Weak Random Feature Method for Solving Partial Differential Equations
Mikhail Kuvakin, Zijian Mei, Jingrun Chen
TL;DR
This paper introduces Weak Random Feature Method (WRFM), a mesh-free PDE solver designed to find weak solutions by reformulating the governing equations in weak form and approximating test functions through a finite sine-basis expansion. WRFM retains the linear least-squares structure of standard RFM but replaces strong-form residuals with weak-form integrals, yielding a linear system that directly enforces the weak formulation. Numerical experiments in 2D and 3D, including Helmholtz, static heat, Poisson, and heat equations, show that WRFM can achieve comparable or superior accuracy to PINN and WAN while using significantly fewer parameters and reducing computational resources, particularly on 2D problems; WRFM runs on CPUs, contrasting with GPU-accelerated baselines. A key limitation is the scalability of the test-function set in higher dimensions, which grows the linear system size; the authors propose exploring adversarially generated test functions as future work to mitigate the dimensionality challenge. Overall, WRFM offers a robust, efficient approach for solving PDEs with weak solutions, expanding the applicability of random-feature-based PDE solvers to problems with low regularity.
Abstract
The random feature method (RFM) has demonstrated great potential in bridging traditional numerical methods and machine learning techniques for solving partial differential equations (PDEs). It retains the advantages of mesh-free approaches while achieving spectral accuracy for smooth solutions, without the need for iterative procedures. However, the implementation of RFM in the identification of weak solutions remains a subject of limited comprehension, despite crucial role of weak solutions in addressing numerous applied problems.
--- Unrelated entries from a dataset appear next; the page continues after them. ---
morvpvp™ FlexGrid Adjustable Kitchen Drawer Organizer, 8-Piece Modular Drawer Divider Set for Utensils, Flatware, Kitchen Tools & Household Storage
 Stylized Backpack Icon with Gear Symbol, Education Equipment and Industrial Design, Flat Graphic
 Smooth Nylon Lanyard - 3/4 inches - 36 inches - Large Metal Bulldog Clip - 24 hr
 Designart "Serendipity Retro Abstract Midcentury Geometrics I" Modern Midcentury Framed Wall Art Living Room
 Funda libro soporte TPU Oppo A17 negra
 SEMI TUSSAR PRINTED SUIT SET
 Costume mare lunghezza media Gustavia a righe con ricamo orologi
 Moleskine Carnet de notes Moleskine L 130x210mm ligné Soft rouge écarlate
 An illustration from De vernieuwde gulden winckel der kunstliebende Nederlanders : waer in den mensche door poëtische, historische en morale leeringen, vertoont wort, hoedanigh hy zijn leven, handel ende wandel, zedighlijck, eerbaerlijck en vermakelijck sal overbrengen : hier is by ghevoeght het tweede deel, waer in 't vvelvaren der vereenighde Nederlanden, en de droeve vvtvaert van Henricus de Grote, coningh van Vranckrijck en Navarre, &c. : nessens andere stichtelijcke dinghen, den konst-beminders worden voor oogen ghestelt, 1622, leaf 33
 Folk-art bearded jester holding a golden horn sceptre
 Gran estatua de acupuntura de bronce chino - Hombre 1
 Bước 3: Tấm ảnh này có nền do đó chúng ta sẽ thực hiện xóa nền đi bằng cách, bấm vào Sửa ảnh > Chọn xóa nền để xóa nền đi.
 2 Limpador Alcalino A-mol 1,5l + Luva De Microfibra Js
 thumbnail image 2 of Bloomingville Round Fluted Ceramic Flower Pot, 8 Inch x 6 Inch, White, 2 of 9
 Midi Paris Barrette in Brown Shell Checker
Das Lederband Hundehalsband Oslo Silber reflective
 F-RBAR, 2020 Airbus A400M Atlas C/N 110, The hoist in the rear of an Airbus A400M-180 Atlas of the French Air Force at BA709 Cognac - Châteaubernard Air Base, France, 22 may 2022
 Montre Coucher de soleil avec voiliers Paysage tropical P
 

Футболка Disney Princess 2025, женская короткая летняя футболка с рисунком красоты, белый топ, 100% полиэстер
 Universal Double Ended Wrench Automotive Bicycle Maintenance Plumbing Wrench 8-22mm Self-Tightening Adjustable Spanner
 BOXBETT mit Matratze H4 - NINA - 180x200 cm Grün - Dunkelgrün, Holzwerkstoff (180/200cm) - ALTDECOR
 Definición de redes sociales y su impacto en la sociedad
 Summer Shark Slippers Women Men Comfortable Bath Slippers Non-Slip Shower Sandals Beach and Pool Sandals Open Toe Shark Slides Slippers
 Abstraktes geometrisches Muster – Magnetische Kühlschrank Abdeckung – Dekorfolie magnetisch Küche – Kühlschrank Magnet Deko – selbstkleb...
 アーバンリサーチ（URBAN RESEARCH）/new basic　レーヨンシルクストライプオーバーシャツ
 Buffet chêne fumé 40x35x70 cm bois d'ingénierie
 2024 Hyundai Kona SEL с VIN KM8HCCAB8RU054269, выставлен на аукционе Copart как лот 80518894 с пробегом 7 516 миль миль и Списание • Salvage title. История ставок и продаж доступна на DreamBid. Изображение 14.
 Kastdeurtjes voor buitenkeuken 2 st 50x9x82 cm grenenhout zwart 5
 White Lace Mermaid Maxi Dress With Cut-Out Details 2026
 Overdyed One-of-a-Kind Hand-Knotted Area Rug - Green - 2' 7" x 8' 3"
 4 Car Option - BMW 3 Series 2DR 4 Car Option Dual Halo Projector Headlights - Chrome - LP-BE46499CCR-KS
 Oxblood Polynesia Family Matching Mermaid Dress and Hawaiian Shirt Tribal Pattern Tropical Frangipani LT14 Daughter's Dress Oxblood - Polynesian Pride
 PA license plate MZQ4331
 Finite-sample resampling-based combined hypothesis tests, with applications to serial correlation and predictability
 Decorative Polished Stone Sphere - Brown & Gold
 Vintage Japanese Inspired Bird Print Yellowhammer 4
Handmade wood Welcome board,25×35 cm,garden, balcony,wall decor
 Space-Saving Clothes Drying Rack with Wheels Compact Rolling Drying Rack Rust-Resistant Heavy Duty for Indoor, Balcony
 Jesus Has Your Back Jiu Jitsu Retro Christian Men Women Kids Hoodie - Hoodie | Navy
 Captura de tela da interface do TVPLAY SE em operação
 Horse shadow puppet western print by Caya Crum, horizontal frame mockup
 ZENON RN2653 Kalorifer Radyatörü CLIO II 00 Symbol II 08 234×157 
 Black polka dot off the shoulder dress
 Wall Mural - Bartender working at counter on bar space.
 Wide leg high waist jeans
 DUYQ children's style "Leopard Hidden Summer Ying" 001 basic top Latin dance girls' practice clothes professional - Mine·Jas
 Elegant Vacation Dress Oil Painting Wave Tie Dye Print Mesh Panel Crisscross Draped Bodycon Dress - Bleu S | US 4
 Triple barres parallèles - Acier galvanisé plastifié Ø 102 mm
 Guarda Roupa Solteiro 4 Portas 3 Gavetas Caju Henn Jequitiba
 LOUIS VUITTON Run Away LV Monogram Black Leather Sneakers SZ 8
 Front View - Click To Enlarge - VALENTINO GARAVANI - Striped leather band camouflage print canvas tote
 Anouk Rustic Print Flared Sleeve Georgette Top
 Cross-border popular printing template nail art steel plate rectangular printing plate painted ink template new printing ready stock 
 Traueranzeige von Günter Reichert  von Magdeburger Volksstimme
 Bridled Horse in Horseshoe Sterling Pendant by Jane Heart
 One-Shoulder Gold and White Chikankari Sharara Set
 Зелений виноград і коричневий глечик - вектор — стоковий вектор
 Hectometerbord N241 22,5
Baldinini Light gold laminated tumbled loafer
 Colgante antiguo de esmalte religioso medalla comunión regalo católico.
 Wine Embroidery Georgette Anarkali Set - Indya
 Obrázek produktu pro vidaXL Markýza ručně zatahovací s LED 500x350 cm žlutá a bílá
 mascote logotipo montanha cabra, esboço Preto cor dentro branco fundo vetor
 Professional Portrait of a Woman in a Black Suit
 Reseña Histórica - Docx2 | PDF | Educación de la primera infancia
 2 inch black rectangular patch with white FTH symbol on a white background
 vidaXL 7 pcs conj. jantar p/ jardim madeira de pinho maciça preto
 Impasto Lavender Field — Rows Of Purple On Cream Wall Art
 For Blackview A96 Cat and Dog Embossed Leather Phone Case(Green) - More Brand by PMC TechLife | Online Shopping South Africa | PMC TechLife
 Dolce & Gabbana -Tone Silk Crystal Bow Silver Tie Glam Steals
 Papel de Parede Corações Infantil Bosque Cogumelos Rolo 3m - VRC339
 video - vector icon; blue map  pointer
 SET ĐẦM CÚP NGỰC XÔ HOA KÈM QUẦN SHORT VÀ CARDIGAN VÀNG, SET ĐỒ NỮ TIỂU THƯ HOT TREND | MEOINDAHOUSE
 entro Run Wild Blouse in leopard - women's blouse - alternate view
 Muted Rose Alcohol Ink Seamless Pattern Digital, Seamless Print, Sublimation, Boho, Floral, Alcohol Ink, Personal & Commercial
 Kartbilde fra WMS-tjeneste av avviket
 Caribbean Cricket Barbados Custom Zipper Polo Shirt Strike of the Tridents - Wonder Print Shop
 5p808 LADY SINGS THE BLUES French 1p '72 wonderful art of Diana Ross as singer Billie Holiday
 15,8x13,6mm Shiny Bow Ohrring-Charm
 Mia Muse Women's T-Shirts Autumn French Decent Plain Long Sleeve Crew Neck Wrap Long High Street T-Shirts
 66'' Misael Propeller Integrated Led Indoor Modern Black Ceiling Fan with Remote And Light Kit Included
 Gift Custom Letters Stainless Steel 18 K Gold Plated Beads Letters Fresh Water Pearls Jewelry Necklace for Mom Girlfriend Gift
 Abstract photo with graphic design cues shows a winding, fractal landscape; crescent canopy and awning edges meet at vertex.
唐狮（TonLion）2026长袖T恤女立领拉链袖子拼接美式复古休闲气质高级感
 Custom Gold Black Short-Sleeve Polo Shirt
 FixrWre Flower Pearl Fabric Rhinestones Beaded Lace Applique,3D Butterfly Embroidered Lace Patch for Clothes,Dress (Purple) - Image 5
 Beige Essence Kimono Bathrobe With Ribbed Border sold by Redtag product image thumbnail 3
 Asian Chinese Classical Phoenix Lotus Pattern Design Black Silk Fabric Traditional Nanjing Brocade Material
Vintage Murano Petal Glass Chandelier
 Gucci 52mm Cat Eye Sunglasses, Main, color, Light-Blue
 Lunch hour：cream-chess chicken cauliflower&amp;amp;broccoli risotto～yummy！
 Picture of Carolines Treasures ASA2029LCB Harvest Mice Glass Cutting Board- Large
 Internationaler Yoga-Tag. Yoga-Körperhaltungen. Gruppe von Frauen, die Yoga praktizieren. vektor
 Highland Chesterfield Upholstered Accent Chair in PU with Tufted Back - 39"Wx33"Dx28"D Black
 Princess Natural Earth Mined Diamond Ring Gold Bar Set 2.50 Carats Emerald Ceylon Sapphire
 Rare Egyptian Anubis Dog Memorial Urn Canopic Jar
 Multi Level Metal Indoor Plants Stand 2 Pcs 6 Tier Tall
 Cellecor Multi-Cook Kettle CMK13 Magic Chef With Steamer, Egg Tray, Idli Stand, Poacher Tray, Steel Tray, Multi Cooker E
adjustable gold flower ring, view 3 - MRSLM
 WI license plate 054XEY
While the direct application of RFM to problems without strong solutions is fraught with potential challenges, we propose an enhancement to the original random feature method that is specifically suited for finding weak solutions and is termed as Weak RFM. Essentially, Weak RFM reformulates the original RFM by adopting the weak form of the governing equations and constructing a new linear system through the use of carefully designed test functions, ensuring that the resulting solution satisfies the weak form by default. To rigorously evaluate the performance of the proposed method, we conduct extensive experiments on a variety of benchmark problems, including challenging three-dimensional cases, and compare its performance with state of the art machine learning-based approaches. The results demonstrate that Weak RFM achieves comparable or superior accuracy while significantly reducing computational time and memory consumption, highlighting its potential as a highly efficient and robust tool for finding weak solutions to various PDE problems.